A estrofe do poeta espanhol Antonio Machado que abre esta postagem é muito profunda para mim. É de uma simbologia incrível! Quase vejo a minha vida nela. 

Antes de iniciar o caminho, pensei comigo que iria refletir muito sobre a vida porque vinha fazendo isso antes de pegar a estrada para Água Suja. Escrevi que tinha umas coisas pra digerir e queimar dentro de mim.

Entretanto, a realidade do caminho se impôs e tudo o que fiz foi concentrar minha atenção em mim mesmo, dialogar com o meu corpo e fazer com que ele me levasse até o objetivo final. Consegui.

As coisas a digerir e queimar dentro de mim continuam aqui dentro do meu ser, do caminhante, do peregrino. Mas tudo bem. A vida é como uma romaria dessas que fiz. Vamos indo passo a passo até chegar no destino que mentalizamos.

E se não chegarmos, tudo bem. Tudo bem. Cada pessoa chega até onde dá. A vida também é assim.

Vou digerir as coisas que seguem entaladas no meu sistema digestório e que não me permitem sequer me alimentar direito certas horas. A comida não desce...

Aprendi muito nesta nova caminhada, aprendi sobre mim, sobre esse ser que sou neste momento. As coisas estão tão claras pra mim que até fico chocado.
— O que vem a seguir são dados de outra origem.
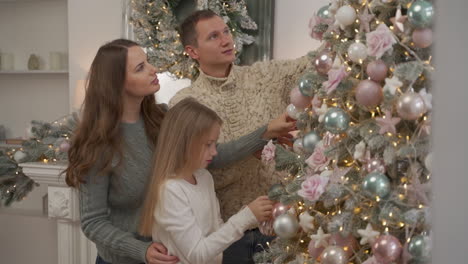 madre, padre y niña decoran el árbol de navidad con bolas y adornos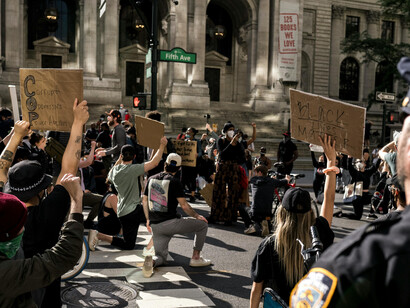 In New York, United States, a crowd of protesters kneels with raised arms, holding signs as part of an activist movement for justice and human rights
Foi uma experiência muito importante para mim sair de Osasco, ter medo e receio de não conseguir fazer o que fazia antes, encarar meus medos, encarar minhas dores e dificuldades, e chegar!

É isso!

William


Post Scriptum: Ao analisar o aplicativo do aparelho Huawei Band 8, em relação às distâncias percorridas por mim na sexta 11 e no sábado 12, fiquei tentando entender por qual motivo o registro no aplicativo é de 34,73 Km + 44,58 Km, o que daria um percurso de 79,31 Km andados por mim. De fato, essa distância é mais condizente com a realidade do que os 70 Km computados por mim manualmente, pois posso ter deixado de registrar alguma distância percorrida por cansaço, por esquecimento etc. 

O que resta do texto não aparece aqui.